Les média-poubelles blâmés par le Conseil de presse

maurais

Après Richard Martineau, c’est au tour d’animateurs de CHOI Radio X, à Québec, d’être blâmés par le Conseil de presse.

Dans une décision rendue le 21 septembre, le Conseil de presse retient une plainte contre Dominic Maurais, animateur à CHOI, pour sa chronique «Les Soviets de salon» publiée dans le Journal de Québec.
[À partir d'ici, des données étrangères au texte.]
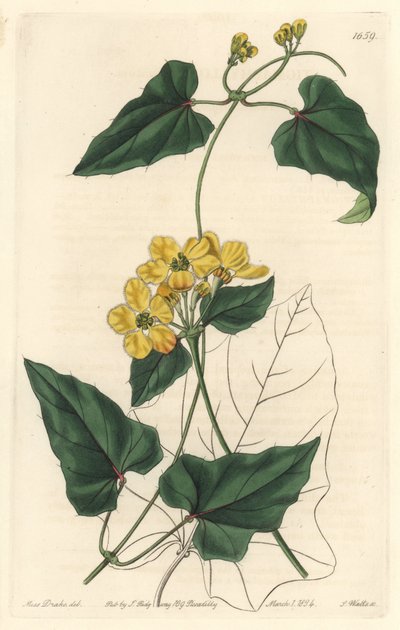 Stygmaphyllon, originaire d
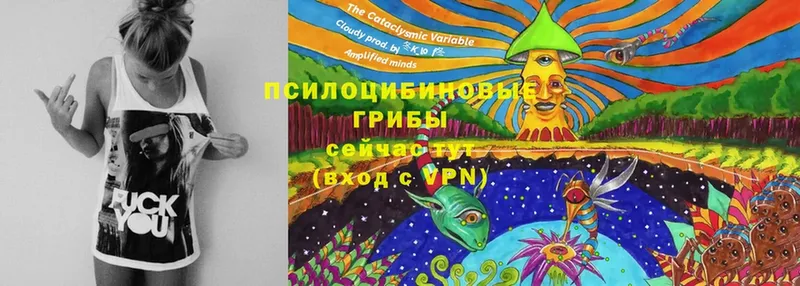 кракен зеркало  Феодосия  Псилоцибиновые грибы Cubensis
Maurais affirmait que la «L’ASSÉ, de Gabriel Nadeau-Dubois, est affiliée à l’Union communiste libertaire (UCL) » et que «Les principaux organes de diffusion de l’ASSÉE et de la CLASSÉ sont les blogues de l’UCL». Des affirmations qui sont fausses.

(…)

Dans une autre décision, le Conseil de presse retient des plaintes de «ton et propos irrespectueux et méprisants» contre les animateurs Denis Gravel et Jérôme Landry, du Show du matin à CHOI Radio X.
Le Conseil de presse blâme des animateurs de CHOI Radio X, après Richard Martineau sur Huffingtonpost.ca

La réaction
À notre connaissance, Maurais n’en a même pas pipé mot.

Denis Gravel et Jérôme Landry ont réagi hier à cette plainte: « je suis convaincu que ce qui a dérangé sur les ondes de CHOI depuis que Radio X est Radio X c’est pas l’histoire de Sophie Chiasson. C’est plutôt les idées. Il y en a qui ont été challengé sur leurs idées reçues sur le Québec ». Ils ont soigneusement évité de revenir sur les propos pour plutôt s’autocongratuler.
À écouter par ici 12116.mp3 sur Radio Ego. Dans cet autre extrait plus long, un Gravel ému mentionne sa possible démission.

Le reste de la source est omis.